Venue: Mercure Hotel Holland House, Redcliffe Parade E, Bristol BS1 6SQ


Keynote speakers: Janet Reibstein and Reenee Singh Constructing connections across cultures, creating connections within couples: The Intercultural Exeter Model


The original Exeter Model was initially constructed upon validated interventions. It also developed a particular way to integrate the use of validated CBT practices with validated systemic ones, to create a new systemic paradigm. But it did not take into account the importance of focusing on the cultural input into people’s – specifically couples’– lives. In particular, this is key in areas in which there are high intercultural marriage and cohabitation. However, it should affect the thinking of anyone, putting the influence of culture front and centre. We maintain that it is best practice for systemic work to ensure the use of and focus on cultural issues. The Intercultural Exeter Model has been developed in response, adding in specific systemic practices that bring culture explicitly into the therapy, and focusing systemically informed questions into the Exeter Model interventions to target cultural issues. The morning will examine specific interventions that illuminate both the model’s innovative systemic ideas and cultural focus. It will demonstrate the use of the specific circularities and culturally-focused interventions that set the Intercultural Exeter Model apart from other systemic modalities.
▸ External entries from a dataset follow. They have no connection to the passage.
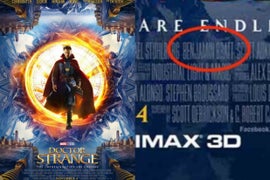 New ‘Doctor Strange’ Poster Reveals Benjamin Bratt Role – But Who Does He Play?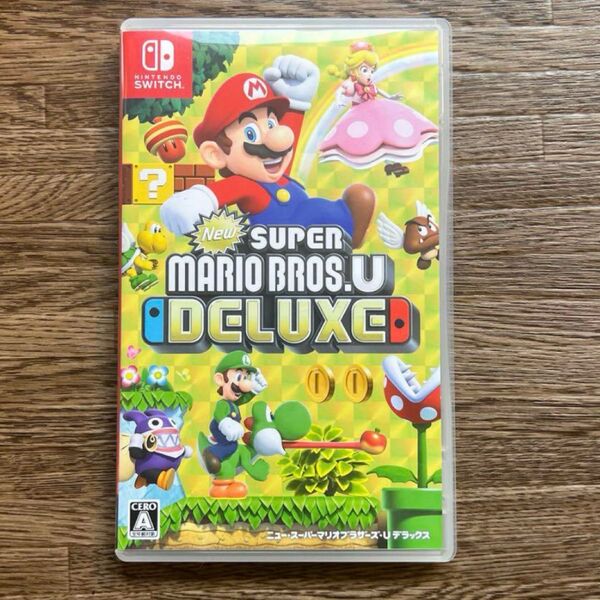 New スーパーマリオブラザーズ U デラックス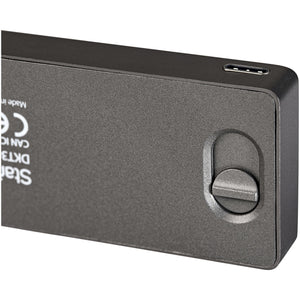 StarTech.com DKT30CMHSDPD station d'accueil USB 3.2 Gen 1 (3.1 Gen 1) Type-C Noir, Gris - Image 7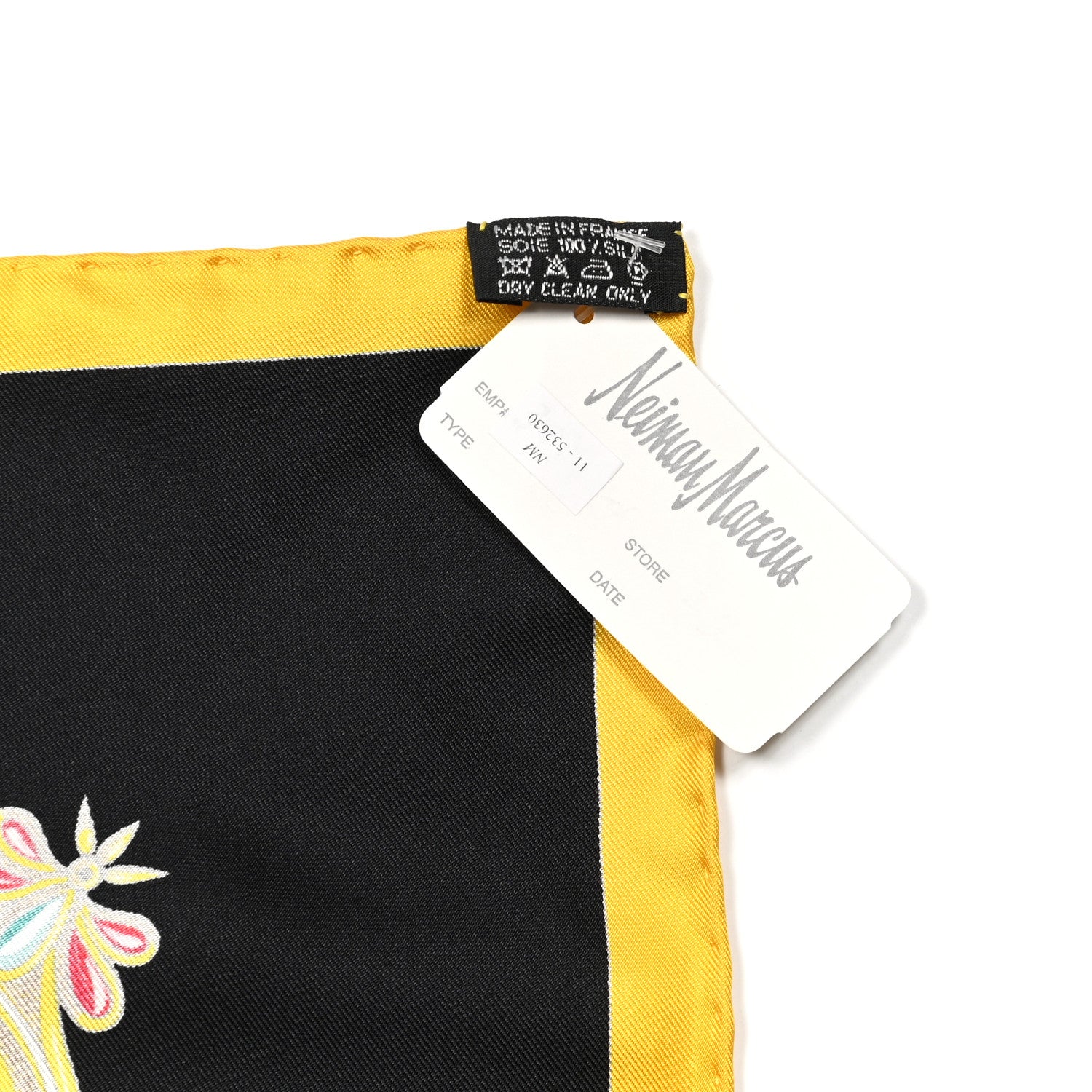 Hermes Silk Monnaies Et Symboles De Parisii Scarf 90 5 of 5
This will be done through DVD material showing the model in action and through small group exercises to experiment with the interventions.


Janet Reibstein is professor emerita in the School of Psychology at the University of Exeter, where she directed the postgraduate programme in family and couple therapy, for MSc and Doctorate in Clinical Psychology students. She ran a research and clinical training clinic in a model of therapy (The Exeter Model), with Hannah Sherbersky, designed to accord with NICE guidelines for behavioural therapy with couples when there is a diagnosis of depression. She was advisor to the Expert Reference Group convened to delineate best practice in this area, and was on the Expert Reference Group on systemic therapy and clinical consultant to the research and training organisation, One plus One: The Information, Training and Support Research Trust on Relationships; the author of the UK Parenting Plan (distributed to all divorcing couples with children by the courts); the “Listening to Children” booklet also given to separated/divorcing parents; the Separated Parents Information Programme (for couples with children, ordered by the courts); and co-author of two separation/divorce programmes online for helping couples manage post-separation issues with children. She is on the national Clinical Advisory Group at Relate and the advisory steering committee to the national Employers Initiative Against Domestic Abuse (EIDA) and for 12 years on the academic advisory board to The Mind Gym, a business consultancy that bases their interventions on well-evidenced psychological research with the brief to advise on relationships. She is the author of a number of books and numerous publications, both in the academic and in the popular media and has broadcast two Radio 4 series on couples, as well as a 5-part Channel 4 series based on her work, called Love Life. Her book, with Reenee Singh, on The Intercultural Exeter Model is due for publication by John Wiley and Sons in 2020. She is on the faculty of the Children and Family Practice, and the London Intercultural Couples Centre, where she has a private practice.


Reenee Singh is the chief executive of the Association for Family Therapy and Systemic Practice in the UK. She is the founding director of the London Intercultural Couples Centre at the Child and Family Practice, where she works as a consultant family and systemic psychotherapist and director. She is a visiting professor at the University of Bergamo, co-director of the Tavistock Family Therapy and Systemic Research Centre and was a past editor of the Journal of Family Therapy. Reenee has published two books and numerous articles in the areas of ‘race’, culture and qualitative research. She presents her research both nationally and internationally. She is an associate editor of the four volume Handbook of Family and Systemic Psychotherapy and co-editor of the fourth volume on Systemic Family Therapy and Global Health, which will be published by Wiley in January 2020. Her next forthcoming book is The Intercultural Exeter Model, written with Janet Reibstein and to be published by Wiley in 2020.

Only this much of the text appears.